> _Task goal_
Reproduce only what lies between the first line of the material below and the line containing "王芮四垒变三垒，依然状态依旧", with both of those lines included and every line kept exact.

> _Materials provided_
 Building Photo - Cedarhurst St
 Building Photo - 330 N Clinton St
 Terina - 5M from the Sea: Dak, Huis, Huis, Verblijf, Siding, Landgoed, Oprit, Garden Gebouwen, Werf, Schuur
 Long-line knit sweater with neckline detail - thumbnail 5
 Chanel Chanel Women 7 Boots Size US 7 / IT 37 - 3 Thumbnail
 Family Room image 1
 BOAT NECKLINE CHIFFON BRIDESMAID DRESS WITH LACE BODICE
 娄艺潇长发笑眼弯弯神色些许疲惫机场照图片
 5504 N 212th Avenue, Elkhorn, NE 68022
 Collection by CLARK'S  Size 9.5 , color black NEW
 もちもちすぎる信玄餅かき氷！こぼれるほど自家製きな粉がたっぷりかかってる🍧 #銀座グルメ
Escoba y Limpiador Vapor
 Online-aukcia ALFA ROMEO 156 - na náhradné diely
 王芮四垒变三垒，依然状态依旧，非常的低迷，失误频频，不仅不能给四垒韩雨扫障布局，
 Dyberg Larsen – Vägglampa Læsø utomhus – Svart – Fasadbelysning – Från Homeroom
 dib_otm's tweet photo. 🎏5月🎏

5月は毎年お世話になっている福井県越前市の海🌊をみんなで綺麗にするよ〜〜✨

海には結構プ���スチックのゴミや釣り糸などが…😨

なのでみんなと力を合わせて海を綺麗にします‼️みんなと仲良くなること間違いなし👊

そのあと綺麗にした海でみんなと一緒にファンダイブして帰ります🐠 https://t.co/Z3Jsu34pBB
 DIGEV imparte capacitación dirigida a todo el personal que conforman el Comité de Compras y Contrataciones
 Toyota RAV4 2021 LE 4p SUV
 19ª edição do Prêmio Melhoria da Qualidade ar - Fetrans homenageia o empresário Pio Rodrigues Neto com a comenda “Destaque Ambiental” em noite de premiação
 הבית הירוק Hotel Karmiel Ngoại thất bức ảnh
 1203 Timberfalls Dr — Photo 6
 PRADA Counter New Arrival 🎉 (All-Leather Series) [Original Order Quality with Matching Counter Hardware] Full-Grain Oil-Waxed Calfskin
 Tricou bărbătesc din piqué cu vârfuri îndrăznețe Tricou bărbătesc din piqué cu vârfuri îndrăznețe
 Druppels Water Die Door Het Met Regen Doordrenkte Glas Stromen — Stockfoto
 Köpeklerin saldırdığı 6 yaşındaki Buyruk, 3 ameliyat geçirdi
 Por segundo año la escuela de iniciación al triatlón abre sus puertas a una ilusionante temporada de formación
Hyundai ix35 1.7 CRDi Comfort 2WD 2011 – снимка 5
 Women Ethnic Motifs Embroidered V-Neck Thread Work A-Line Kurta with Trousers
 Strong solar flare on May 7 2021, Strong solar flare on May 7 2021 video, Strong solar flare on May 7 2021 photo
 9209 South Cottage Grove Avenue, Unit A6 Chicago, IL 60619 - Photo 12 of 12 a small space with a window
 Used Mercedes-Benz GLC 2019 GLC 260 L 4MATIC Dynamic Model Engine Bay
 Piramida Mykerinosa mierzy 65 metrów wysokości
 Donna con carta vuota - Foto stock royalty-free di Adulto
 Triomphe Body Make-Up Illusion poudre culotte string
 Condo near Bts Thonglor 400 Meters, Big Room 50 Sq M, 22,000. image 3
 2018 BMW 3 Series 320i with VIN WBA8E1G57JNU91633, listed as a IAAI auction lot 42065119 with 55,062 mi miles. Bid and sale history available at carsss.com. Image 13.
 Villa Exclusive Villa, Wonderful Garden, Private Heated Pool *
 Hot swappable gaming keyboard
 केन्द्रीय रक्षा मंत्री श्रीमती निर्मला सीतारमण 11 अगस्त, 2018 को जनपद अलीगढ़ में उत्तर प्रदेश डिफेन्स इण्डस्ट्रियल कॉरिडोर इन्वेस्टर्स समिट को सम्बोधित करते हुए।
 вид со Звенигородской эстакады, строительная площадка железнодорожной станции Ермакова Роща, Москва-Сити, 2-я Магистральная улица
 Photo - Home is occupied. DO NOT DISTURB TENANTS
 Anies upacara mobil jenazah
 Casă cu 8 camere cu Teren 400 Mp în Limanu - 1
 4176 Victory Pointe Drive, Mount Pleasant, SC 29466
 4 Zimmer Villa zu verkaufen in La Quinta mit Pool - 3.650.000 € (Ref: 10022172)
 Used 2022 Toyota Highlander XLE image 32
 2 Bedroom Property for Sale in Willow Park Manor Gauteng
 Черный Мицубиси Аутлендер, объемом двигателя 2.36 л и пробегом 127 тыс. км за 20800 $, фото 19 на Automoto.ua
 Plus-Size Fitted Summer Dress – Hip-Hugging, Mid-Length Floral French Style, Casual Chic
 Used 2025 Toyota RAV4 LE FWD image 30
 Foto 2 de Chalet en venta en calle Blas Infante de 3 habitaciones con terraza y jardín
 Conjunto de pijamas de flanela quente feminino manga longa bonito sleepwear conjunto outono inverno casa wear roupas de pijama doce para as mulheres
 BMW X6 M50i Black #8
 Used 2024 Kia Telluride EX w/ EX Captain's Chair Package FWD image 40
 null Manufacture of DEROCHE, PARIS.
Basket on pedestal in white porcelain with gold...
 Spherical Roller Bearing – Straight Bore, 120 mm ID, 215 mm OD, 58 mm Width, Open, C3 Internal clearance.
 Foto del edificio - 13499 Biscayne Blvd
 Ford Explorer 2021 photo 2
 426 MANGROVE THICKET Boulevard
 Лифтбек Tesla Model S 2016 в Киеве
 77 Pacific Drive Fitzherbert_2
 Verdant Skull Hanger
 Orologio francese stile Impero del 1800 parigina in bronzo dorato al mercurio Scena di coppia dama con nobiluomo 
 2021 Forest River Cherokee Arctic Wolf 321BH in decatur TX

> _Solution to this task_
 Building Photo - Cedarhurst St
 Building Photo - 330 N Clinton St
 Terina - 5M from the Sea: Dak, Huis, Huis, Verblijf, Siding, Landgoed, Oprit, Garden Gebouwen, Werf, Schuur
 Long-line knit sweater with neckline detail - thumbnail 5
 Chanel Chanel Women 7 Boots Size US 7 / IT 37 - 3 Thumbnail
 Family Room image 1
 BOAT NECKLINE CHIFFON BRIDESMAID DRESS WITH LACE BODICE
 娄艺潇长发笑眼弯弯神色些许疲惫机场照图片
 5504 N 212th Avenue, Elkhorn, NE 68022
 Collection by CLARK'S  Size 9.5 , color black NEW
 もちもちすぎる信玄餅かき氷！こぼれるほど自家製きな粉がたっぷりかかってる🍧 #銀座グルメ
Escoba y Limpiador Vapor
 Online-aukcia ALFA ROMEO 156 - na náhradné diely
 王芮四垒变三垒，依然状态依旧，非常的低迷，失误频频，不仅不能给四垒韩雨扫障布局，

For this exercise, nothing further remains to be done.